> Action item:
Skip every picture, and copy exactly the lines from the one containing "BUKTI JP MEDAN4D – 01 SEPTEMBER 2024" to the end of the data.

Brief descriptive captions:
####################

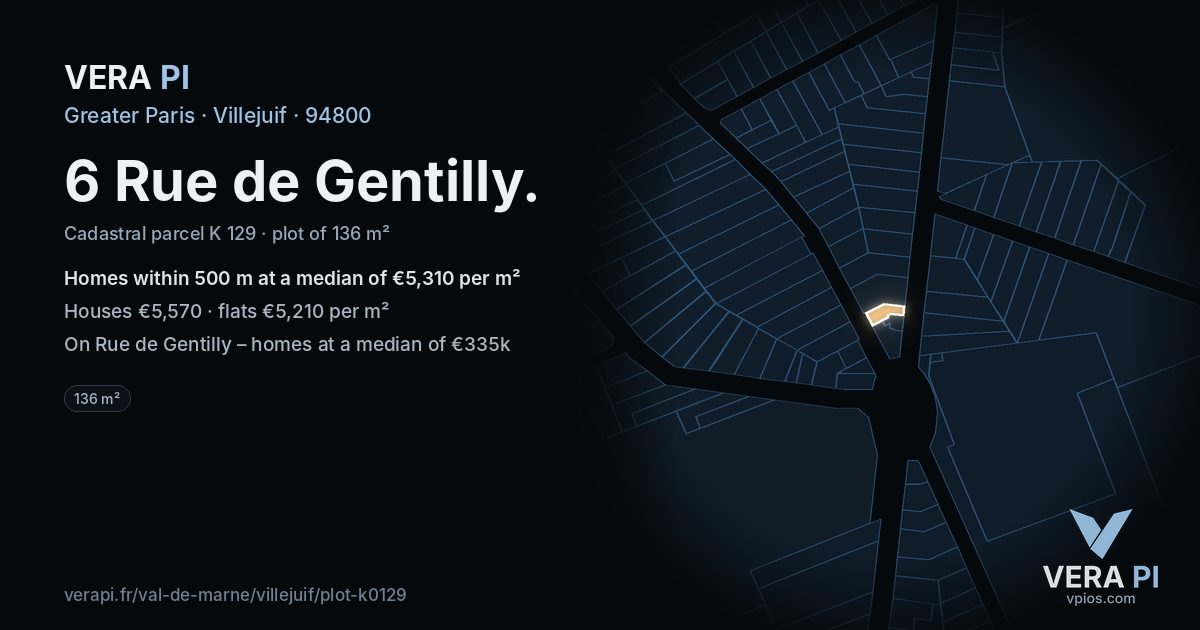 6 Rue de Gentilly, Villejuif at night – the plot lit, the parcels around coloured by the prices near them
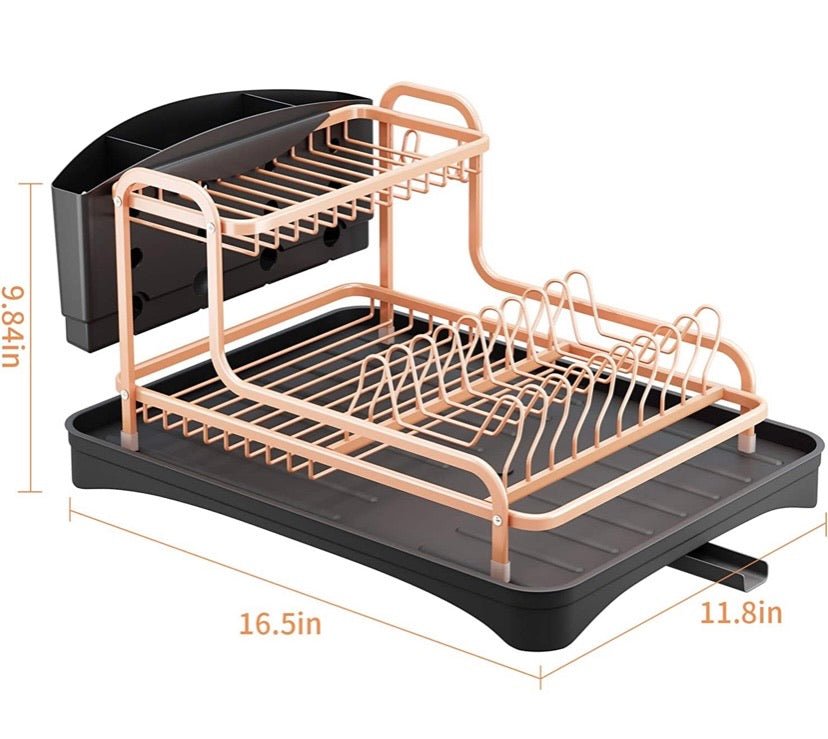 Dish Drying Rack, Aluminium Rust Proof Dish Rack and Drainboard Set with Removable Cutlery Holder and 360 Swivel Spout Drain Board for Kitchen Counter (Rose Gold, 2 Tier)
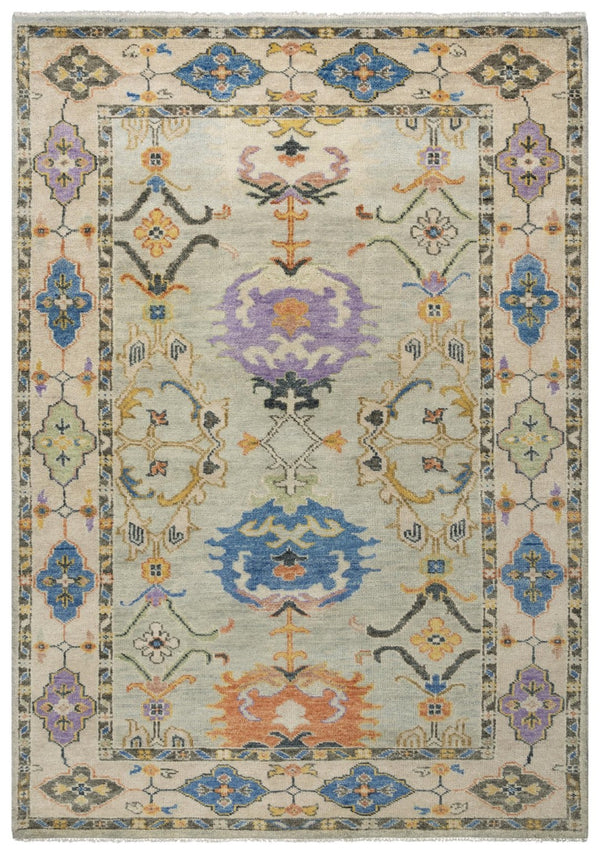 Alora Decor Muse Hand-Knotted Gray Wool Rug With Layered Floral Medallions, Artisanal Texture And Durable Charm 6' x 9' 01901911033370609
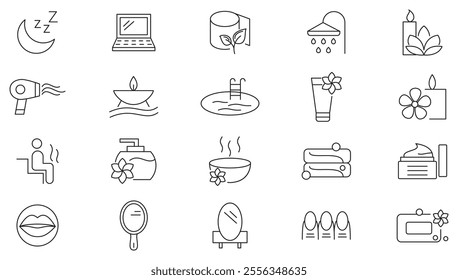Beauty and Spa line icon set. lifestyle, face, body care, recreation, massage, sauna, cosmetology, skin care, aromatherapy, treatment, yoga line icon set. Ui thin line icon pack.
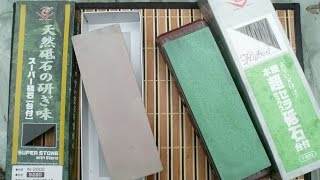 Sharpening stones Naniwa chosera 400 grit vs Naniwa superstone 220 grit [upl. by Artenehs213]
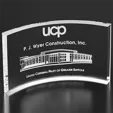 Trenton Crescent Starfire Crystal Award, 11" Wide — view 2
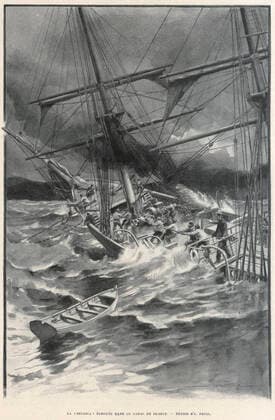 EXPEDITION DE GERLACHE La Belgica echouee dans le canal de Beagle. Illustration de Alfred PARIS (1848-1908) pour Quinze mois dans l Antartique par Adrien de GERLACHE (1866-1934) repris dans Le Tour du Monde de 1901. Credit : Collection Kharbine-Tapabor.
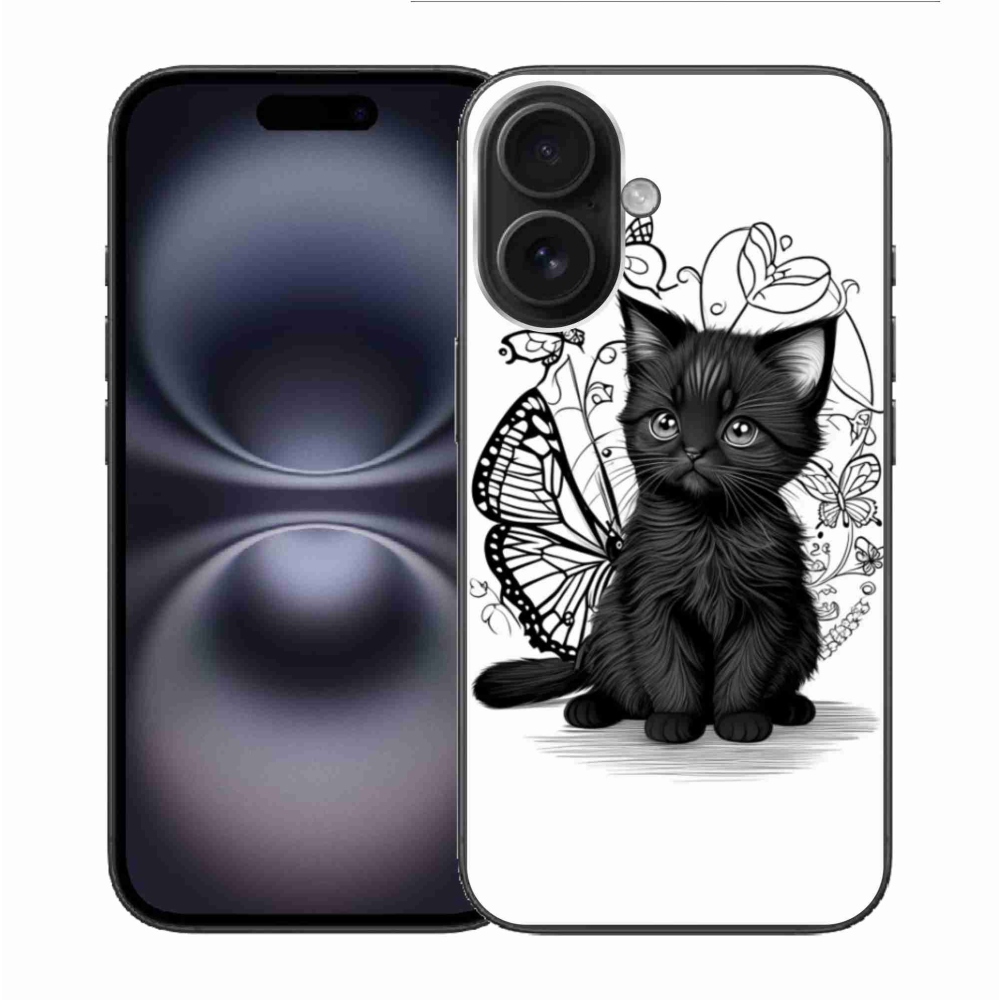 Gelový kryt mmCase na iPhone 16 - černé kotě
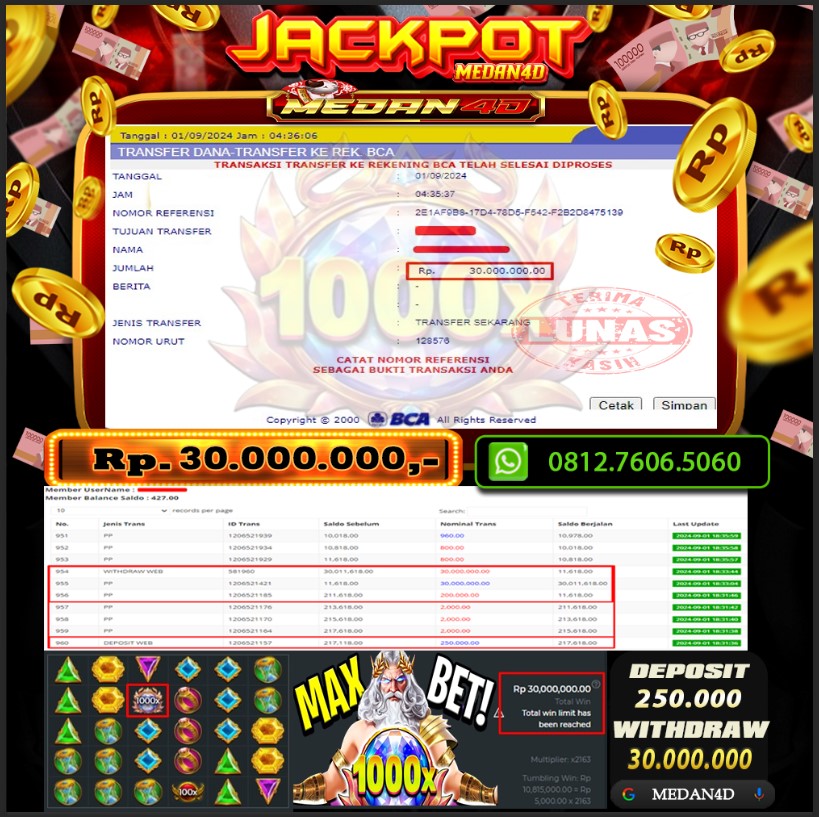 BUKTI JP MEDAN4D – 01 SEPTEMBER 2024 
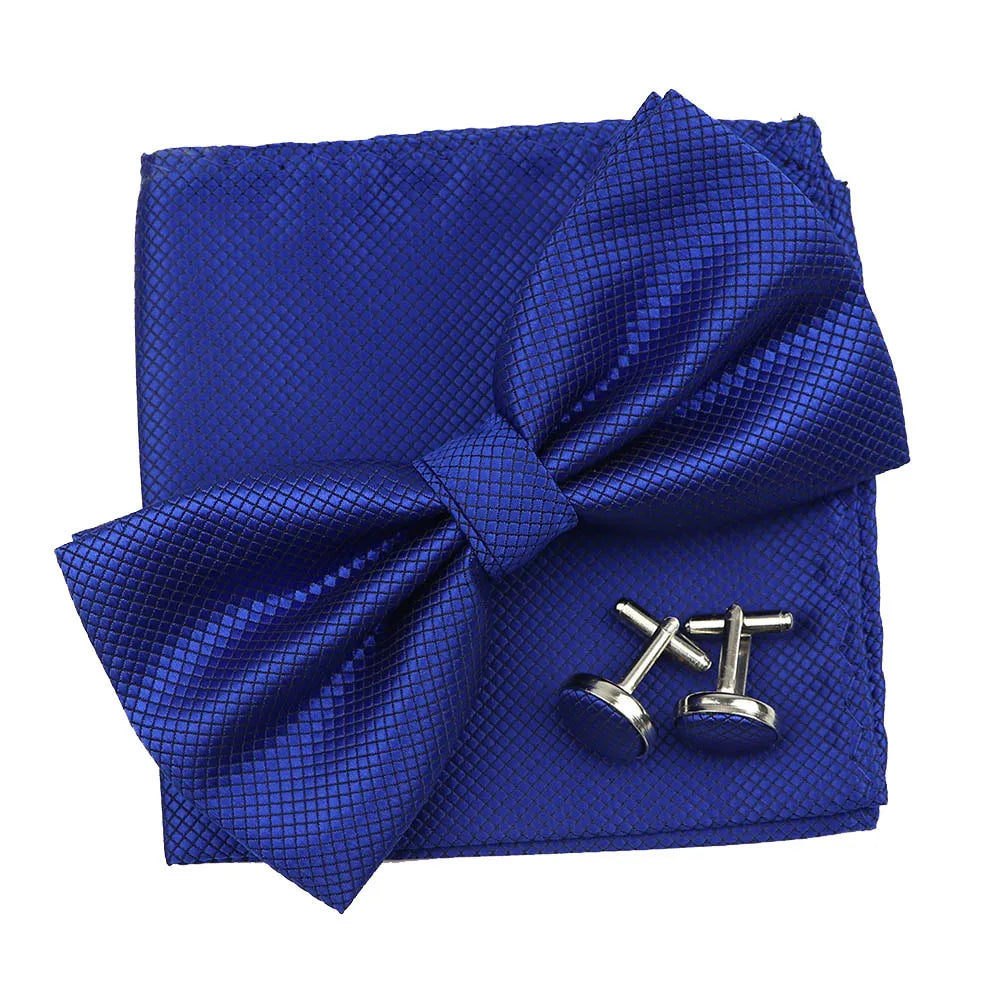 3PC Mens Bowtie Set Fashion Dot Solid Polyester Bow Tie Handkerchief Cufflinks Bar Party Wedding Business Daily Wear Accessories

####################

> Result:
 BUKTI JP MEDAN4D – 01 SEPTEMBER 2024 
 3PC Mens Bowtie Set Fashion Dot Solid Polyester Bow Tie Handkerchief Cufflinks Bar Party Wedding Business Daily Wear Accessories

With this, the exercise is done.